### GIVEN RECORDS
☆ ☆ ☆ ☆

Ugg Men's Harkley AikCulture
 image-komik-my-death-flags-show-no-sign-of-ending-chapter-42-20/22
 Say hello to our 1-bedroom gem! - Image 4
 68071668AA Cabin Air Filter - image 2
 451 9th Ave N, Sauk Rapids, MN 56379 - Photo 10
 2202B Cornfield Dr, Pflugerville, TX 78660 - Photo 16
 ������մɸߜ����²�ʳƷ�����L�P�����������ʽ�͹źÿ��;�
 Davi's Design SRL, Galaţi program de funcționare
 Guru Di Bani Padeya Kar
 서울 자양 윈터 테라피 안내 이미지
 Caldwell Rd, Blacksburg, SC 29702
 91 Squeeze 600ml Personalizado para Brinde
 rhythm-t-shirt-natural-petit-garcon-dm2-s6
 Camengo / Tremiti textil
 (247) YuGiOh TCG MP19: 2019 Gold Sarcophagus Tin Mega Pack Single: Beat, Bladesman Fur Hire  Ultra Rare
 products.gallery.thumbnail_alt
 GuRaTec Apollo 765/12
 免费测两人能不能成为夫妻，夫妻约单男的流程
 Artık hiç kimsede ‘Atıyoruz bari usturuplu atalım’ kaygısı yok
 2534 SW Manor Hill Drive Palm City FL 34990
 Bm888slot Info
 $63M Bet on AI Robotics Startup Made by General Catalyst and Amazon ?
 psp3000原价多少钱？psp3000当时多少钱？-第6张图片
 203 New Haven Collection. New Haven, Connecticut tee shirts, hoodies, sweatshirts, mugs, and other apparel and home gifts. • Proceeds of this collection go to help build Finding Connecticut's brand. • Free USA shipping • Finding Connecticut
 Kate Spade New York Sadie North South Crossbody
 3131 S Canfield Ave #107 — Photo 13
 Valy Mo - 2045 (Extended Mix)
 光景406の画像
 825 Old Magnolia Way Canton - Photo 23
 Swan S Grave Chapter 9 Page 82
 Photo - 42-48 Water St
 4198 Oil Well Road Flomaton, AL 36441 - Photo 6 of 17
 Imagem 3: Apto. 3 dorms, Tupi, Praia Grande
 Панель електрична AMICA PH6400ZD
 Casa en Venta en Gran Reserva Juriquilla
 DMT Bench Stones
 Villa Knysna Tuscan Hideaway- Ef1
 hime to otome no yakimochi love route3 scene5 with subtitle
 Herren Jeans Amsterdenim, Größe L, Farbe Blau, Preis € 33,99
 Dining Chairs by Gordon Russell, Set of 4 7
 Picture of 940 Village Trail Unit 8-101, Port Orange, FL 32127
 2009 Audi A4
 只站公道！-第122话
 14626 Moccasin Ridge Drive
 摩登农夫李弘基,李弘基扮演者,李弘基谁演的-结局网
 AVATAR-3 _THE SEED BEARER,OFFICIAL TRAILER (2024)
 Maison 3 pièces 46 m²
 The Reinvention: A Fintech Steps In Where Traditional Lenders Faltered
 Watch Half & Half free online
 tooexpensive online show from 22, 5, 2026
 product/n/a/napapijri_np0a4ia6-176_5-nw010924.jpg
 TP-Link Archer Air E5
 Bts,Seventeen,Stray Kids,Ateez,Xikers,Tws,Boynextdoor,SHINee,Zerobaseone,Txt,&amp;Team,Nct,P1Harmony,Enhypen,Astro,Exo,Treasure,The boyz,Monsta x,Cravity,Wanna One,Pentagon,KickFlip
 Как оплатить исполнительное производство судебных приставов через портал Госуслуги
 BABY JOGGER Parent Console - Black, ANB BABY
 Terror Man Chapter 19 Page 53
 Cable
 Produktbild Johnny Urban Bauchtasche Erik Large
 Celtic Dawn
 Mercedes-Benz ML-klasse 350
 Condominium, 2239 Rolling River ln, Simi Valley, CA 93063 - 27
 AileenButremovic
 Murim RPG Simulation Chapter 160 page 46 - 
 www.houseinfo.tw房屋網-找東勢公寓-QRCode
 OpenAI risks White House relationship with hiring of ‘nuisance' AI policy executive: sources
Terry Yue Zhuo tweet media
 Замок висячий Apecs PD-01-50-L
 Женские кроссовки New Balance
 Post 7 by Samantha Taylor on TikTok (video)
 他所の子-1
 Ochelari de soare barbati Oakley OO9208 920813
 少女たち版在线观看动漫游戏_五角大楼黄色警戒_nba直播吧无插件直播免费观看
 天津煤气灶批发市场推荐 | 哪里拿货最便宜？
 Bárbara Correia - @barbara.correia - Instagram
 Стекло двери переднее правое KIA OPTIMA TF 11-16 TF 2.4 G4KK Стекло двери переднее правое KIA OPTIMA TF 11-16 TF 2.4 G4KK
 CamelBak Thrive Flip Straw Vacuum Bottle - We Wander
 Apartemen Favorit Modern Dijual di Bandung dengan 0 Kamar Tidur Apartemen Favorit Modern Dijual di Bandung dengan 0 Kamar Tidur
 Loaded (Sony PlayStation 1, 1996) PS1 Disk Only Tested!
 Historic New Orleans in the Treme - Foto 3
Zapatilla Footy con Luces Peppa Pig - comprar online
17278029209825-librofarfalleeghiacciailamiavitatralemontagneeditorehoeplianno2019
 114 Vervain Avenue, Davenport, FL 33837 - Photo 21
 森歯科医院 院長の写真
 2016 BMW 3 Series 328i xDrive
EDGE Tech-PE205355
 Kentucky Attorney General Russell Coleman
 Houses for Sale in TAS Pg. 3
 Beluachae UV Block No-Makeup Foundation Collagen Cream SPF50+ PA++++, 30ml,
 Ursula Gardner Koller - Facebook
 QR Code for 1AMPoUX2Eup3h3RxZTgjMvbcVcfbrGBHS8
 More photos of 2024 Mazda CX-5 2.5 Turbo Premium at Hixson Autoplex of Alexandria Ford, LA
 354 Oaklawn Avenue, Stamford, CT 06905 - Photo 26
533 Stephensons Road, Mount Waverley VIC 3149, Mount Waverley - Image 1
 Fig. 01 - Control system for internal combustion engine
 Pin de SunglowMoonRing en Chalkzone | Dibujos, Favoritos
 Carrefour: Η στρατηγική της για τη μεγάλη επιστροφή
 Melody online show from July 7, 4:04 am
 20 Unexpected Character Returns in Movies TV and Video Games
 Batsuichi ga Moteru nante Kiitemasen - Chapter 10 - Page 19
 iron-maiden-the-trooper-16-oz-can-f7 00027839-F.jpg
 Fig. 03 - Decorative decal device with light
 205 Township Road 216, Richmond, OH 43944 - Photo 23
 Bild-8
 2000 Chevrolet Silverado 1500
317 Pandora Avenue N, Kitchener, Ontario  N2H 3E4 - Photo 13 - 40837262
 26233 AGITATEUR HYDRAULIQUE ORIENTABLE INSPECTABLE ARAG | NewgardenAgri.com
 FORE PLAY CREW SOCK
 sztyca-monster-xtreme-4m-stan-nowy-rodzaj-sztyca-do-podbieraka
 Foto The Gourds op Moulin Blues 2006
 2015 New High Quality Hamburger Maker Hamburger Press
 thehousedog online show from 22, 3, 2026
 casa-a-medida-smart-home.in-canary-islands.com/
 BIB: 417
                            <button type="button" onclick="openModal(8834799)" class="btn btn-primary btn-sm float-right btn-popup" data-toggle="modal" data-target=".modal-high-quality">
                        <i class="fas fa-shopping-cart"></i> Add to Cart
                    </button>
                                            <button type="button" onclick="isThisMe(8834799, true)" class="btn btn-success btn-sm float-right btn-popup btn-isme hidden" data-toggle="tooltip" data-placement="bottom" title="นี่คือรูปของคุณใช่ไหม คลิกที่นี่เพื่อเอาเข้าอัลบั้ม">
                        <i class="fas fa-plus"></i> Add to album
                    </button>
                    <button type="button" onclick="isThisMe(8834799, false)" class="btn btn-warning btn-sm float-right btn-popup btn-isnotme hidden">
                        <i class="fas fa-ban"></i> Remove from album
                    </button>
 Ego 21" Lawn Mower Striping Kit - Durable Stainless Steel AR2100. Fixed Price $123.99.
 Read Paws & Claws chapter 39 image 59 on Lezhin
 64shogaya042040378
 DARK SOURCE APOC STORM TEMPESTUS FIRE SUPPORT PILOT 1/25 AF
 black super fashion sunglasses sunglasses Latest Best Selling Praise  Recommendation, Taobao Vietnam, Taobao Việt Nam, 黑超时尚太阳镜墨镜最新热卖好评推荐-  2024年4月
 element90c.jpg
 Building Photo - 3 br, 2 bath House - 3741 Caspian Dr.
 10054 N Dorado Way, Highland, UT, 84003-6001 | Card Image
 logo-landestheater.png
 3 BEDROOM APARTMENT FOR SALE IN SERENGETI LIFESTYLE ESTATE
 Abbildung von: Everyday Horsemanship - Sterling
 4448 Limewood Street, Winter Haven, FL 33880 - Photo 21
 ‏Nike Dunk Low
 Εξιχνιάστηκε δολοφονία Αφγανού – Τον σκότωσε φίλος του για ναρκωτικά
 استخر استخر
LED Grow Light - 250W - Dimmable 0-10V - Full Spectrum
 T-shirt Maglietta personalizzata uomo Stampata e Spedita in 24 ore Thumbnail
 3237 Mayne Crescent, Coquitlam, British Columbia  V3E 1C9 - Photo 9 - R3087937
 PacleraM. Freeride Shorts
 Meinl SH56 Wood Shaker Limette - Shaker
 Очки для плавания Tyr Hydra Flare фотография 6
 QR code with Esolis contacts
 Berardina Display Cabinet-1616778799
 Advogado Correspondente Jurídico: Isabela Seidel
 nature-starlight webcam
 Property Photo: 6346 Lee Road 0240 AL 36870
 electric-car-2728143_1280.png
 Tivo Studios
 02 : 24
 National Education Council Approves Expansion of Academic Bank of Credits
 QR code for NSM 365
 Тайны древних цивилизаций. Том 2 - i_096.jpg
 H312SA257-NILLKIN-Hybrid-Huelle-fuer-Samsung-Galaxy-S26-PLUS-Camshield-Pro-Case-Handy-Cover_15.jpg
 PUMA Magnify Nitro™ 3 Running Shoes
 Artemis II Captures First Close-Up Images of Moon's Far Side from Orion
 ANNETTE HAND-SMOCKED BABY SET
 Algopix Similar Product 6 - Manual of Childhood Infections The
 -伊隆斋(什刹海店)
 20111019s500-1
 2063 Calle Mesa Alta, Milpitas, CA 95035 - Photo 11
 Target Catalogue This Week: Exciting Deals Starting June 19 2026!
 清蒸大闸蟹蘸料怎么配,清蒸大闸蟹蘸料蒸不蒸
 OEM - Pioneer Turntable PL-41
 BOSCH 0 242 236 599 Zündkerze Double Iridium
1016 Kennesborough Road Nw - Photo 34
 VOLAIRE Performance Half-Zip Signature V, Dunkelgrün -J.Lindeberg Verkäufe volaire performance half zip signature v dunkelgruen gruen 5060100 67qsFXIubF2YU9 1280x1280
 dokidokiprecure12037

☆ ☆ ☆ ☆

### AIM OF THE TASK
The answer should hold only the lines from the start of the records above through the line containing "product/n/a/napapijri_np0a4ia6-176_5-nw010924.jpg", each set down exactly.

### ANSWER SPACE
Ugg Men's Harkley AikCulture
 image-komik-my-death-flags-show-no-sign-of-ending-chapter-42-20/22
 Say hello to our 1-bedroom gem! - Image 4
 68071668AA Cabin Air Filter - image 2
 451 9th Ave N, Sauk Rapids, MN 56379 - Photo 10
 2202B Cornfield Dr, Pflugerville, TX 78660 - Photo 16
 ������մɸߜ����²�ʳƷ�����L�P�����������ʽ�͹źÿ��;�
 Davi's Design SRL, Galaţi program de funcționare
 Guru Di Bani Padeya Kar
 서울 자양 윈터 테라피 안내 이미지
 Caldwell Rd, Blacksburg, SC 29702
 91 Squeeze 600ml Personalizado para Brinde
 rhythm-t-shirt-natural-petit-garcon-dm2-s6
 Camengo / Tremiti textil
 (247) YuGiOh TCG MP19: 2019 Gold Sarcophagus Tin Mega Pack Single: Beat, Bladesman Fur Hire  Ultra Rare
 products.gallery.thumbnail_alt
 GuRaTec Apollo 765/12
 免费测两人能不能成为夫妻，夫妻约单男的流程
 Artık hiç kimsede ‘Atıyoruz bari usturuplu atalım’ kaygısı yok
 2534 SW Manor Hill Drive Palm City FL 34990
 Bm888slot Info
 $63M Bet on AI Robotics Startup Made by General Catalyst and Amazon ?
 psp3000原价多少钱？psp3000当时多少钱？-第6张图片
 203 New Haven Collection. New Haven, Connecticut tee shirts, hoodies, sweatshirts, mugs, and other apparel and home gifts. • Proceeds of this collection go to help build Finding Connecticut's brand. • Free USA shipping • Finding Connecticut
 Kate Spade New York Sadie North South Crossbody
 3131 S Canfield Ave #107 — Photo 13
 Valy Mo - 2045 (Extended Mix)
 光景406の画像
 825 Old Magnolia Way Canton - Photo 23
 Swan S Grave Chapter 9 Page 82
 Photo - 42-48 Water St
 4198 Oil Well Road Flomaton, AL 36441 - Photo 6 of 17
 Imagem 3: Apto. 3 dorms, Tupi, Praia Grande
 Панель електрична AMICA PH6400ZD
 Casa en Venta en Gran Reserva Juriquilla
 DMT Bench Stones
 Villa Knysna Tuscan Hideaway- Ef1
 hime to otome no yakimochi love route3 scene5 with subtitle
 Herren Jeans Amsterdenim, Größe L, Farbe Blau, Preis € 33,99
 Dining Chairs by Gordon Russell, Set of 4 7
 Picture of 940 Village Trail Unit 8-101, Port Orange, FL 32127
 2009 Audi A4
 只站公道！-第122话
 14626 Moccasin Ridge Drive
 摩登农夫李弘基,李弘基扮演者,李弘基谁演的-结局网
 AVATAR-3 _THE SEED BEARER,OFFICIAL TRAILER (2024)
 Maison 3 pièces 46 m²
 The Reinvention: A Fintech Steps In Where Traditional Lenders Faltered
 Watch Half & Half free online
 tooexpensive online show from 22, 5, 2026
 product/n/a/napapijri_np0a4ia6-176_5-nw010924.jpg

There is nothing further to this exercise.